PCOS & Me

Thursday, January 18, 2024

For the last five years, I've been dealing with a chronic condition known as PCOS. Like many diseases, it didn't come from nowhere, and I've found myself reminiscing lately on my life, family history, and childhood experiences as they relate to my health and well-being. I've also been thinking about the challenges I've experienced in trying to manage PCOS, and ways I'd like to be better about advocating for myself.


My brain can only piece together my health if I start where I began to notice a problem. In truth, I can honestly think of problems way before my 20s, but for the sake of time, that's where I'll begin. I married young and had children young too. This has come with its challenges. In many ways, having children in my early 20s made it difficult for me to finish my education and begin a paid career. The echoes of that choice have affected my confidence, earning power, and eventual retirement, but that is a discussion for another time. What know now is that having children in my 30s would have been much more biologically difficult - if not impossible - than it was in my 20s.

I still struggled to conceive both of my children. My first required nearly 18 months of patient trying, scheduling, waiting, and grieving. My infertility ultrasounds from this time showed ovarian cysts that I wish were paid more attention. I miraculously tested positive the cycle before I was meant to start Clomid. I worried my second would take equally as long, but by some miracle I conceived within a couple of months. This pregnancy was plagued by extreme morning sickness and antenatal depression, which lasted the entire pregnancy. But it wasn't until after the pregnancies were over that my health really took a turn for the worse.

Education on postpartum mental health and mental health in general has come a long way in 10 years. When I first was struggling with depression and OCD, public education and opinion on mental health was just beginning. I had no language to communicate to anyone just how much I was suffering. The experience was intense. Just before I was lucky enough to get professional help, I teetered dangerously on the precipice of suicidal ideation. The first intervention was first: a genetic test to assist in finding a medication instead of playing roulette with anti-depressants. After reviewing my results, I was prescribed  a medicine called Luvox. I was told by my psychiatrist that it was an SSRI formulated specifically for OCD. It was paired with a special B vitamin called methylfolate. It also turned out that I have a genetic mutation called MTHFR, which in layman's terms means my body lacks the ability to turn raw vitamins into the necessary components it can use. B vitamins, as it turns out, are really useful for mental health, and my body was basically starving for them.

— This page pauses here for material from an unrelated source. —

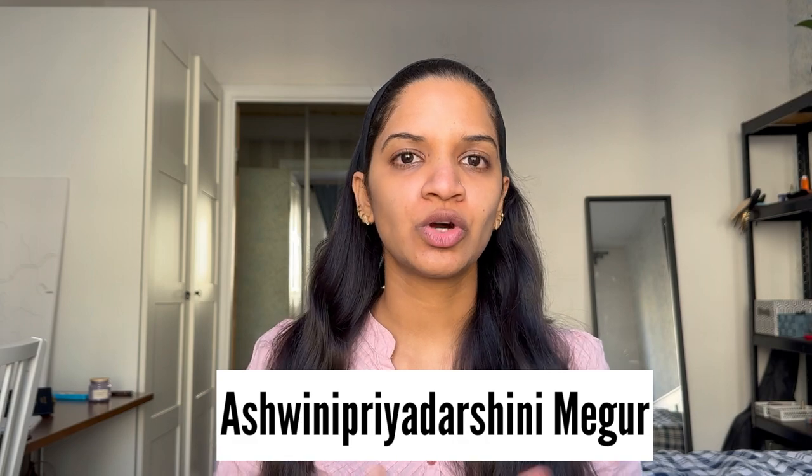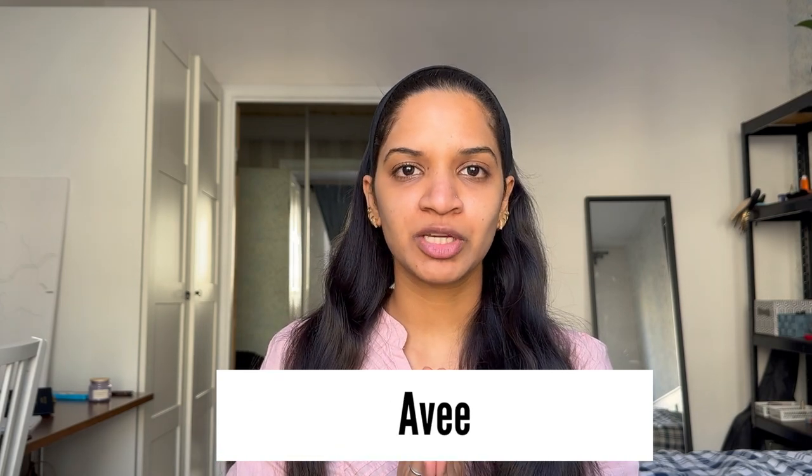Hello everyone, welcome to my channel. My name is Ashwini Priyed Ashwini Meghur, also known as Avi, and I'm a PhD student in the field of biology. In today's video we are going to be talking about the Eucerin Urea Repair lotions, and there are different types of them.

For a few years, my body took good care of me as I adjusted to these medications and tended to my mental health. I continued to try my best to take care of it back by being very health-conscious for the years I was conceiving, nursing, and raising my kids. Because of my lactose intolerance, I chose to strictly follow a vegan diet for nearly 3 years. When I moved away from Arizona, my ability to find convenient healthy options and cook my super time-consuming and complex foods was limited by the area I lived in and housing arrangements.

During intense trauma counseling, I picked up a book called "The Deepest Well: Healing the Long-Term Effects of Childhood Adversity" by Nadine Burke Harris. Harris discusses how adverse childhood experiences (ACEs) can affect health and well-being throughout a person's life. The book outlined research that shows that if a person has more than 4 ACEs, they become considered "at-risk" for a lengthy list of diseases. I have the honor of claiming 5 ACEs, which places me solidly in the at-risk category. This book, along with the research around epigenetics (the way trauma/disease is passed down in families), opened my eyes to understanding my health more holistically and gave me an appreciation for the challenges I was up against.

It was around this time that I stopped bleeding. My monthly cycles just... completely stopped. I would go four, six, nine months without bleeding. I told myself that this was normal after having children and nursing, but I used that same excuse for nearly five years while other symptoms began to make themselves known. I started to gain weight, see a *super attractive* increase in my amount of body and facial hair, and sleep for 12-13 hours per day. I knew something was wrong. I began to research my symptoms and soon learned that most of them were in line with a condition known as Polycystic Ovarian Syndrome (PCOS for short).

I began the process of seeking a diagnosis, but it took me a long time to find a doctor who took my concerns and my symptoms seriously. 3/4 of the doctors I went to wanted to prescribe birth control to manage the symptoms, but I had read that birth control was only a bandaid and did not treat the root cause of the issue. They did the obligatory blood work but insisted that everything was "normal," and suggested that I lose a few pounds to see if my symptoms improved. I was lucky enough to find a doctor who finally listened.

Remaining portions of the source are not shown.